Given that $y = \frac{1}{{1 - x}}$, use mathematical induction to prove that $\frac{{{{\text{d}}^n}y}}{{{\text{d}}{x^n}}} = \frac{{n!}}{{{{(1 - x)}^{n + 1}}}},{\text{ }}n \in {\mathbb{Z}^ + }$.

proposition is true for n = 1 since $\frac{{{\text{d}}y}}{{{\text{d}}x}} = \frac{1}{{{{(1 - x)}^2}}}$     M1

$= \frac{{1!}}{{{{(1 - x)}^2}}}$     A1

Note: Must see the 1! for the A1.

assume true for n = k, $k \in {\mathbb{Z}^ + }$, i.e. $\frac{{{{\text{d}}^k}y}}{{{\text{d}}{x^k}}} = \frac{{k!}}{{{{(1 - x)}^{k + 1}}}}$     M1

consider $\frac{{{{\text{d}}^{k + 1}}y}}{{{\text{d}}{x^{k + 1}}}} = \frac{{{\text{d}}\left( {\frac{{{{\text{d}}^k}y}}{{{\text{d}}{x^k}}}} \right)}}{{{\text{d}}x}}$     (M1)

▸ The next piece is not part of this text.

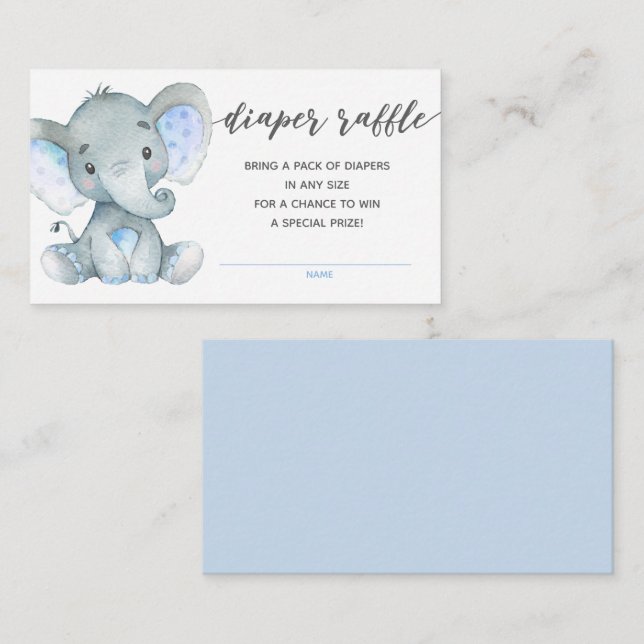 Elephant Baby Shower Diaper Raffle Ticket (Blue) Enclosure Card (Front/Back)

$= (k + 1)k!{(1 - x)^{ - (k + 1) - 1}}$     A1

$= \frac{{(k + 1)!}}{{{{(1 - x)}^{k + 2}}}}$     A1

hence, ${{\text{P}}_{k + 1}}$ is true whenever ${{\text{P}}_{k}}$ is true, and ${{\text{P}}_1}$ is true, and therefore the proposition is true for all positive integers     R1

Note: The final R1 is only available if at least 4 of the previous marks have been awarded.

[7 marks]

Most candidates were awarded good marks for this question. A disappointing minority thought that the $(k + 1)$th derivative was the $(k)$th derivative multiplied by the first derivative. Providing an acceptable final statement remains a perennial issue.